──────── MATERIAL PROVIDED

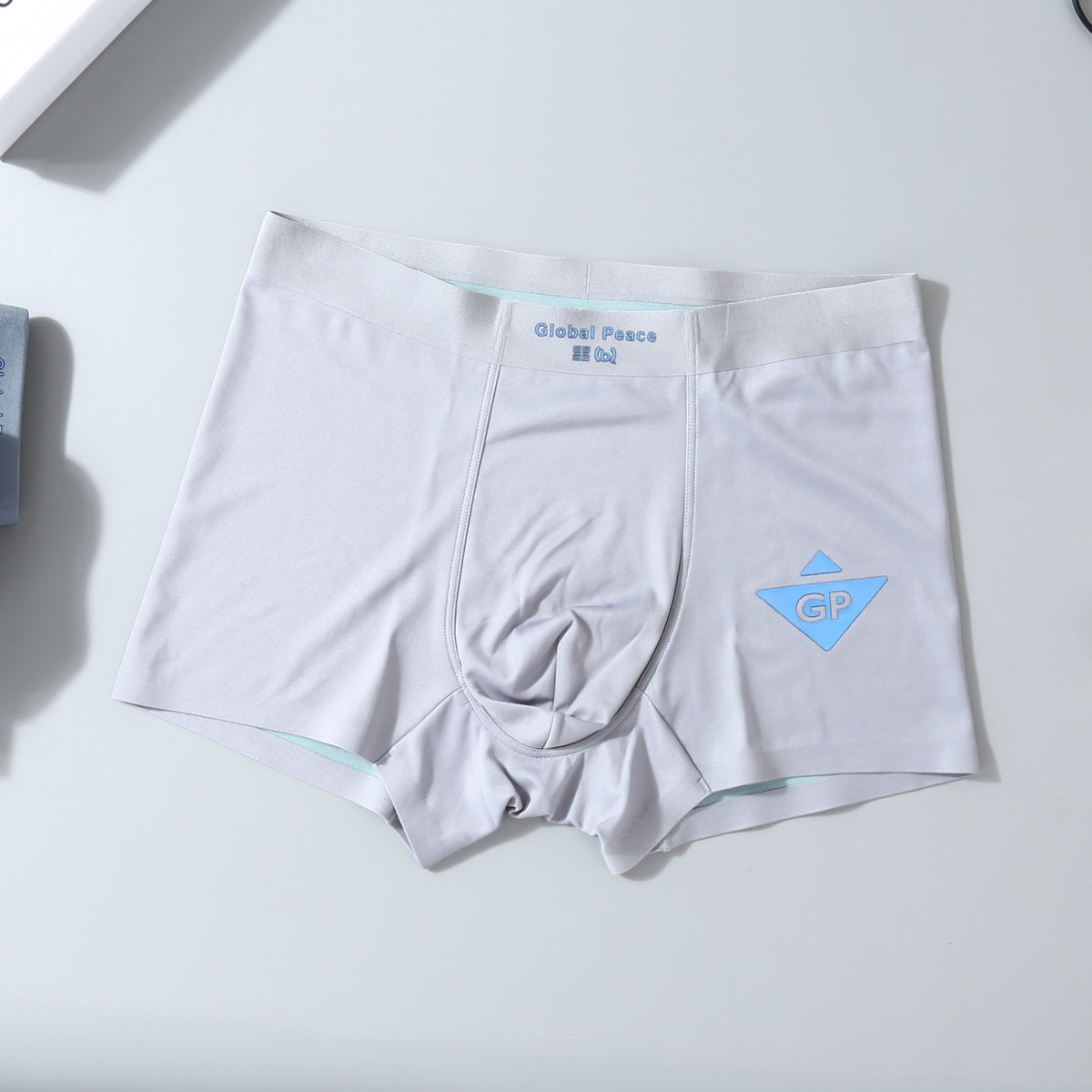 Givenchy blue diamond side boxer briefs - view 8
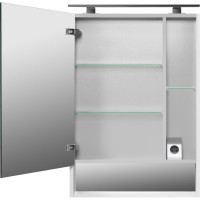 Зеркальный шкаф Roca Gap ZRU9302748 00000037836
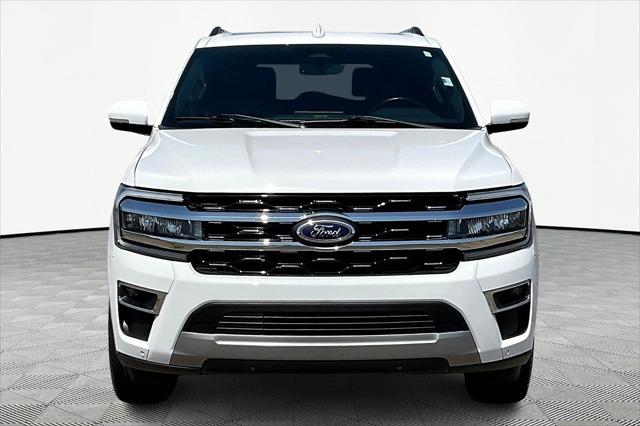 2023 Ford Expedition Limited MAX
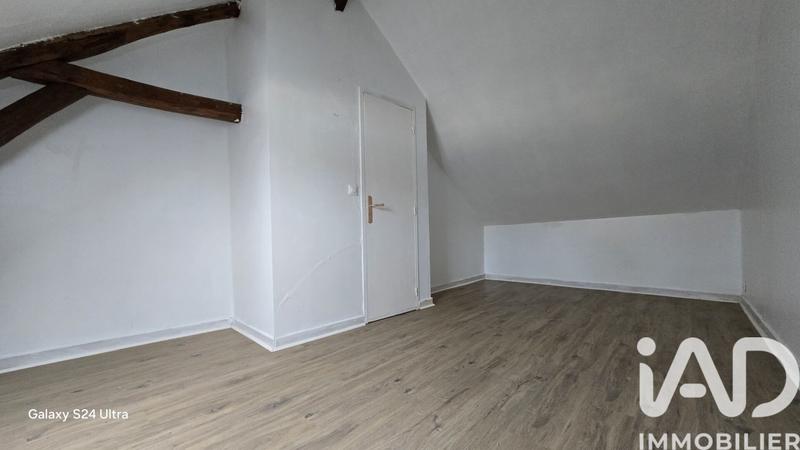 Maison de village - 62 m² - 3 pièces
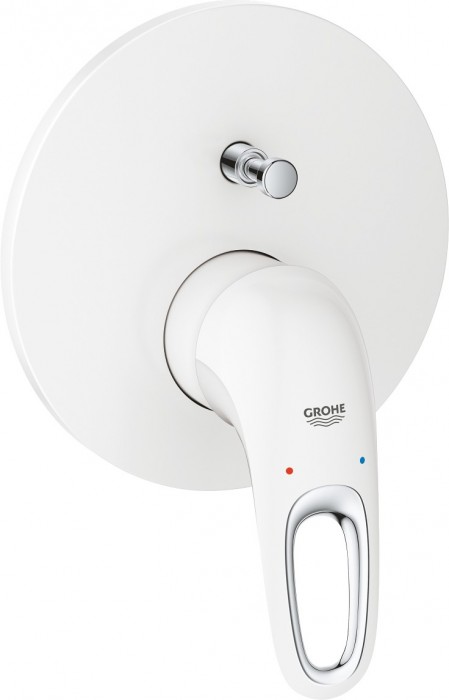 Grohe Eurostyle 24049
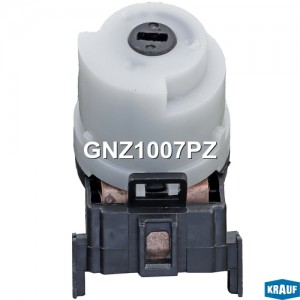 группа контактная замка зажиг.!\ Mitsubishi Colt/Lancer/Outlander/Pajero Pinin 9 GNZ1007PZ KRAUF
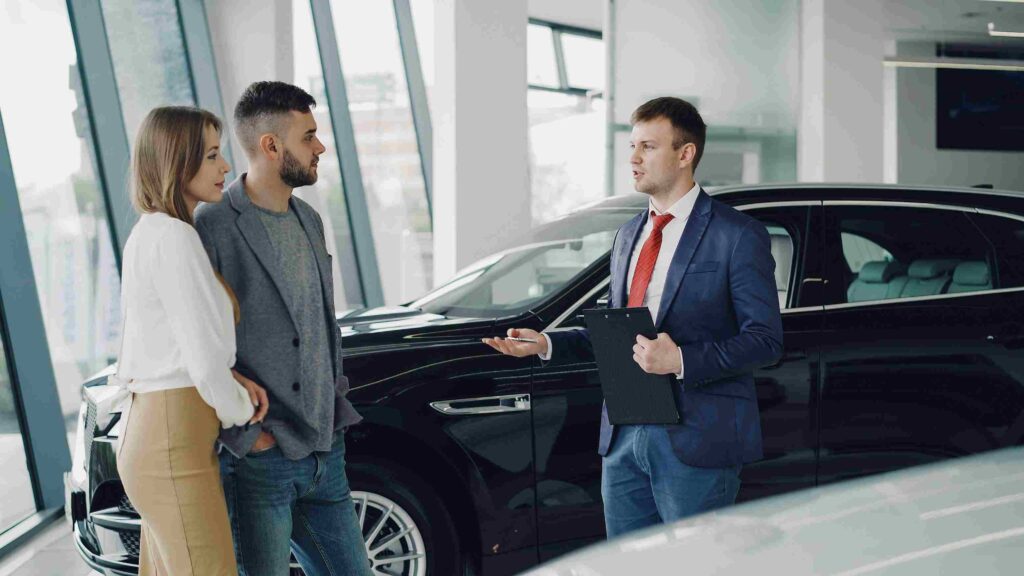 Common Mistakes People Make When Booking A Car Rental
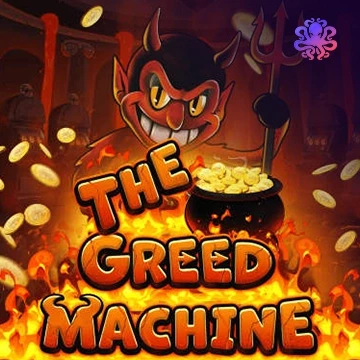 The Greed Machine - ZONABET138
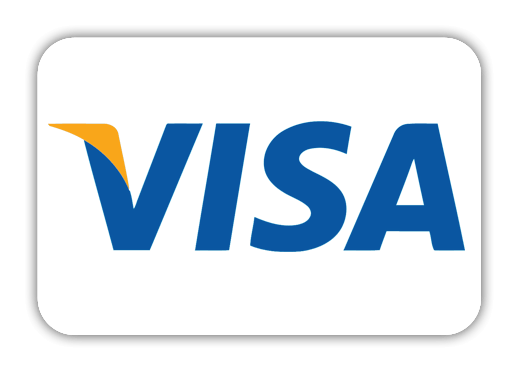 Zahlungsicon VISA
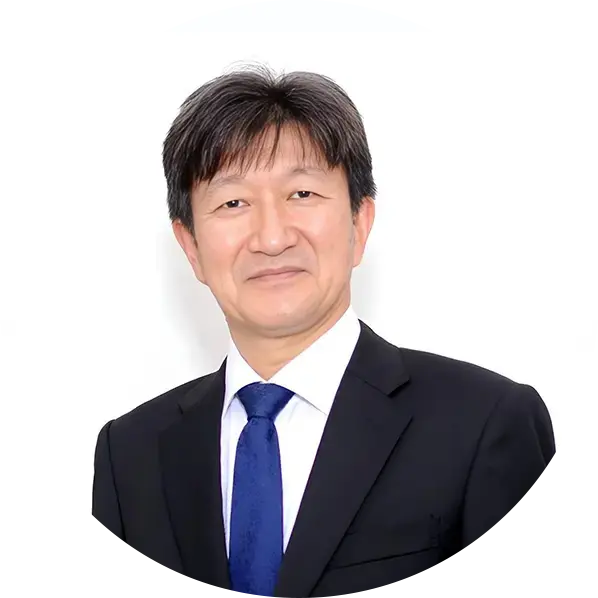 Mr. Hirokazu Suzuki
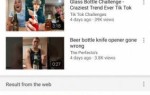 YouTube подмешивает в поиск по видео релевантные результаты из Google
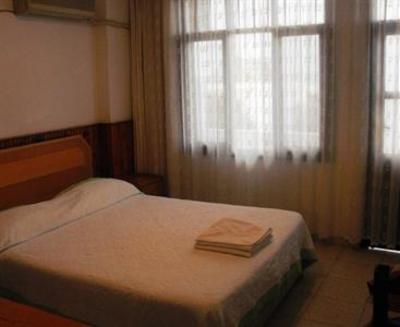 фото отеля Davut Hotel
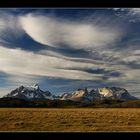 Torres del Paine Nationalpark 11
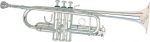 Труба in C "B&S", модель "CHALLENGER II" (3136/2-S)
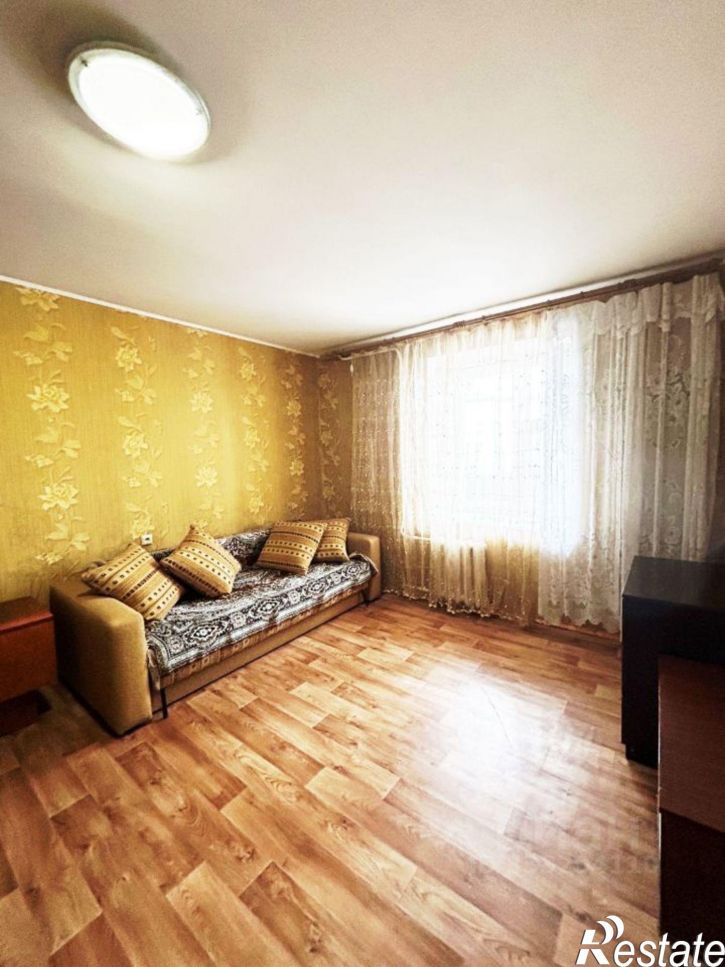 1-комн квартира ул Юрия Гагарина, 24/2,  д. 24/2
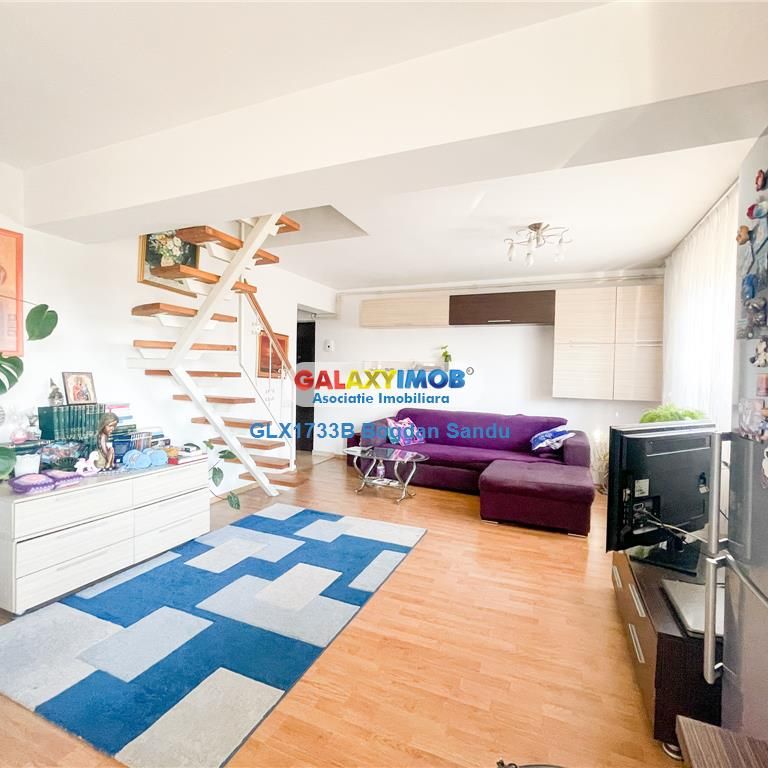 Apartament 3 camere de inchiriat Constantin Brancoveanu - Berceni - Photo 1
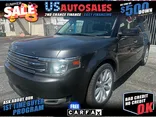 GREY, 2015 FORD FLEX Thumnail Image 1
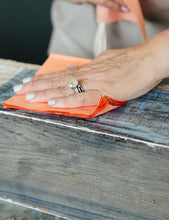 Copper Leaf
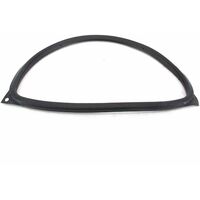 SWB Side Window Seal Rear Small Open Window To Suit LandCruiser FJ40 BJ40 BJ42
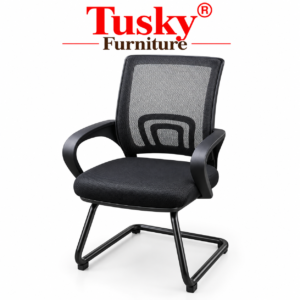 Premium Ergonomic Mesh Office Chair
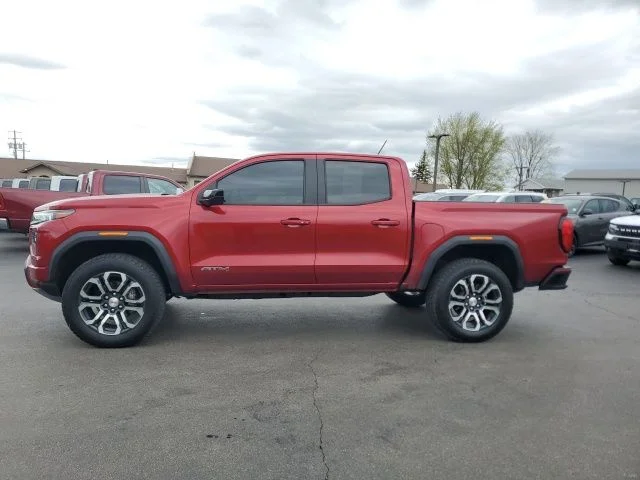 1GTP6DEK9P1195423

────────────────

Set down exactly, and only, the lines from the one holding "SWB Side Window" to the end of the records above, leaving every picture out.

 SWB Side Window Seal Rear Small Open Window To Suit LandCruiser FJ40 BJ40 BJ42
 Premium Ergonomic Mesh Office Chair
 1GTP6DEK9P1195423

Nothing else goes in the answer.